Last year, the EU imposed a tariff of 7.8% on electric vehicles made by Tesla in China, while BMW’s China-produced EVs were hit with a 20.7% tariff. Similarly, Chinese EV manufacturers such as Geely have received a tariff of 18.8%, whereas the EU tariff for BYD is 17%, with SAIC having a levy of 35.3%. This is on top of the normal 10% tariff on all car imports to the bloc.
BMW has highlighted that these tariffs do very little to strengthen the competitiveness of domestic European car companies.
A BMW spokesperson said, as reported by The Wall Street Journal: “On the contrary, the countervailing duties harm the business model of globally active companies, they limit the supply of e-cars to European customers and can therefore even slow down decarbonisation in the transport sector.”
However, the company said that it was still open to negotiating an agreement. BMW also reiterated the importance of avoiding trade conflicts between key global parties, as they often result in losers on all sides.
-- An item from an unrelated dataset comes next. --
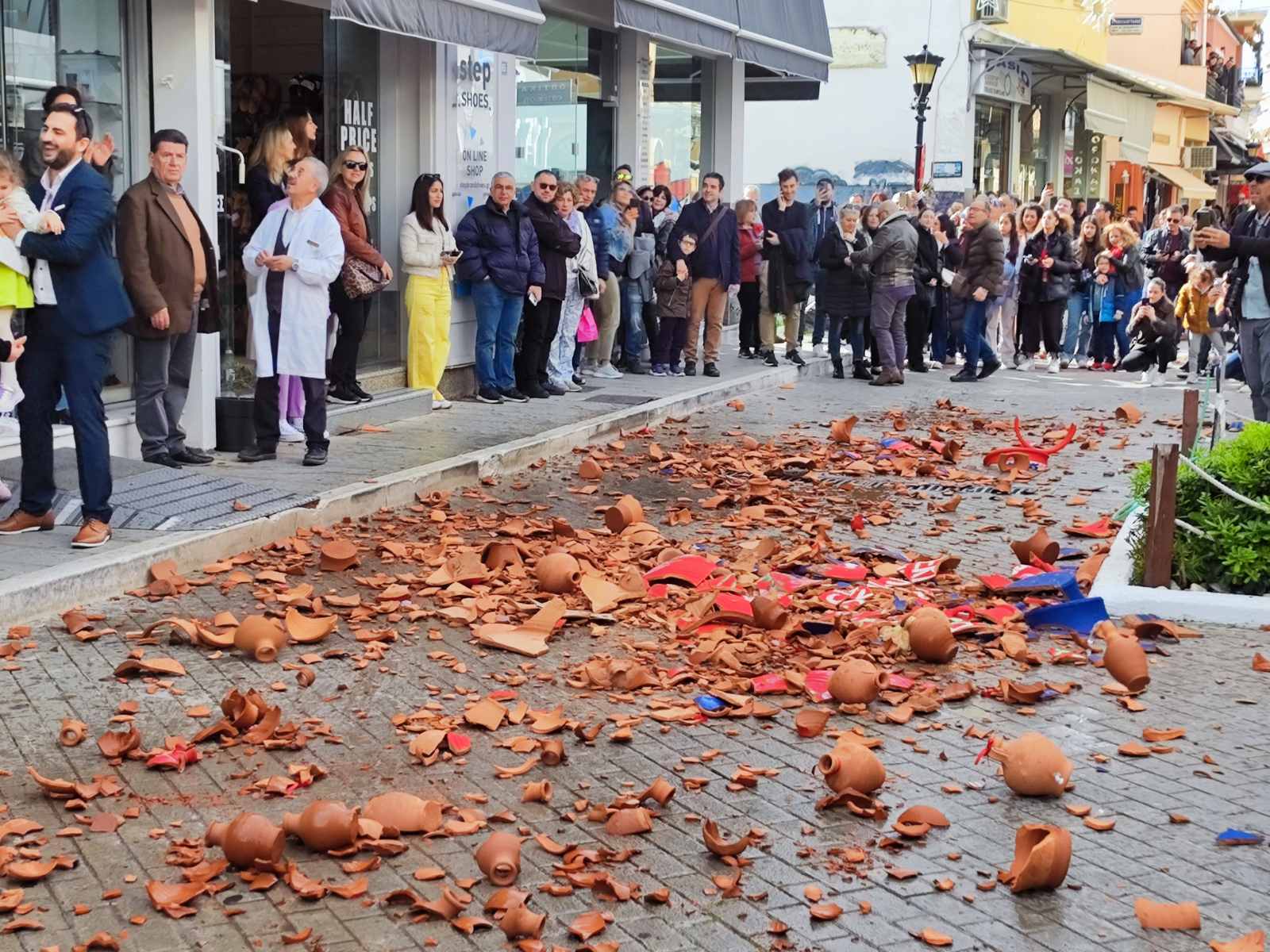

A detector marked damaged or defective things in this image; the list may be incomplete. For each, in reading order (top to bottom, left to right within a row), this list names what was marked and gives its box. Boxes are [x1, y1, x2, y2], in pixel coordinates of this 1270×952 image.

The European Commission has revealed that the bloc will stay open to negotiation, as long as the agreed-upon solution takes into account the unfair competition discovered by EU investigations.
If successful, the lawsuits could potentially strip Brussels of the right to impose tariffs on Chinese products, by annulling the relevant law, and allowing affected companies to fight for loss claims.
Euronews has contacted both Tesla and BMW for comment.
Car manufacturers continue to struggle with rising Chinese competition
One of the main reasons for the EU imposing tariffs on imports of Chinese electric vehicles into the bloc was rising concerns about the Chinese government unfairly subsidising domestic manufacturers. This, in turn, allowed them to sell their products at cutthroat prices in the European market, undercutting European car companies.
In its investigations, the EU has found that these subsidies include cheaper land, softer loans, as well as subsidies for various key suppliers such as steelmakers.
However, several Chinese EV makers are now focusing on hybrid vehicles in order to continue expanding in the European market, as these are not covered under the current tariffs. This has led to increased fears of the EU’s EV tariffs becoming less effective.
European car makers have been rapidly losing market share to Chinese companies, as these offer better prices, discounts, features and designs. The ongoing cost of living crisis seen across many parts of Europe has meant that consumers are slower to make big purchases, while also being on the hunt for better bargains.